NanoEVB and PicoEVB are affordable, open source, development boards which can be used to evaluate and prototype PCI Express designs using a Xilinx Artix 7 FPGA on Windows or Linux hosts. The boards are designed around the Artix 7 (XC7A50T).

Use Cases

While the main intent of NanoEVB and PicoEVB is PCIe design prototyping, it can be used as an integrated part of your laptop (or desktop) computer. Use a board as an encryption co-processor for security, or as a hardware-level encoder/decoder for speedy workflows. It’s your FPGA, design what you like.

Features & Specifications

FPGAXilinx Artix XC7A50TXilinx Artix XC7A50T
Form Factor M.2 (NGFF) 2242, keyed for A and E slots M.2 (NGFF) 2230, keyed for A and E slots
Dimensions 22 x 42 x 3.8 mm 22 x 30 x 3.8 mm
Host InterfacePCIe x1 gen 2PCIe x1 gen 2
Host ToolsVivado 2016, 2017Vivado 2016, 2017
Serial ConnectionRS232 connection to the FPGA via FTDI FT2232RS232 connection to the FPGA via FTDI FT2232
MGT LoopbackYesYes
Built-in JTAGYesYes
Spare Debug UART Yes No
External Interface 4 digital channels OR 1 analog (differential) and 2 digital, OR 2 analog (differential) No
User-controllable LEDs33

Open Source Software & Hardware

The board schematics in their final form (PDFs) will be published under a permissive license. In additon, major software components are open source:

  • The "cable driver", is already CC0 licenced.
  • All of the host code (PCIe drivers) used in the prototype comes from Xilinx under GPL.
  • The FPGA project is derived from a freely available Xilinx sample project.

Files are being published in the project GitHub repository.

NanoEVB Block Diagram

NanoEVB high-level schematic

PicoEVB Block Diagram

PicoEVB high-level schematic

Compact Size

Current FPGA development boards are large. Almost all development kits require a desktop PC, or are designed to sit on a lab bench. NanoEVB aims to change this — the entire development kit fits inside a laptop!

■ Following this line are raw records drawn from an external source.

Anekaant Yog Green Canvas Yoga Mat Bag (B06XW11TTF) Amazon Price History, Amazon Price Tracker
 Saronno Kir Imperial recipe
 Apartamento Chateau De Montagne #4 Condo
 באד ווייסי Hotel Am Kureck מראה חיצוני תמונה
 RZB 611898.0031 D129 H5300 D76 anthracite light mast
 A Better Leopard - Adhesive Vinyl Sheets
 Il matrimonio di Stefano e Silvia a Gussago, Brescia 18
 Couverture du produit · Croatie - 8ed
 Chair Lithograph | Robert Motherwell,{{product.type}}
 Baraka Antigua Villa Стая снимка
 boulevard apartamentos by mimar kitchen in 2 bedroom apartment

In addition, the JTAG cable is built-in, no external cables needed- just plug it into a PCIe slot and go.


Furthermore, to explore PCIe designs, currently you need to spend over $1,000. NanoEVB and PicoEVB have PCIe connectivity to the host computer, and as such, you can design PCIe-based solutions and explore Xilinx’s IP for PCIe solutions without spending a grand and without taking up a ton of space.

Manufacturing Plan

The manufacturing process for NanoEVB and PicoEVB is pretty straightforward:

  1. Select a PCB fabrication house capable of producing this PCB (done)
  2. Select an assembly house capable of placing/soldering all the parts on the PCB (quote in-hand, with more to come)
  3. Kit the PCBs and board components and ship to assembly house for assembly
  4. Final test of assembled boards to verify all power supply voltages, all LEDs, all external ports, and USB and PCIe connectivity.

Risks & Challenges

The designs have been prototyped; multiple boards and iterations have been built and tested. This mitigates a lot of risk. The remaining risk is in manufacturing execution:

  • There is some risk that the PCBs could be mis-manufactured.
  • There is some risk that the assembly house damages or improperly assembles the boards, resulting in scrap.
  • There is some risk that component availability is lower than needed at the time of procurement. The FPGA holds the highest chance of causing additional delivery delay.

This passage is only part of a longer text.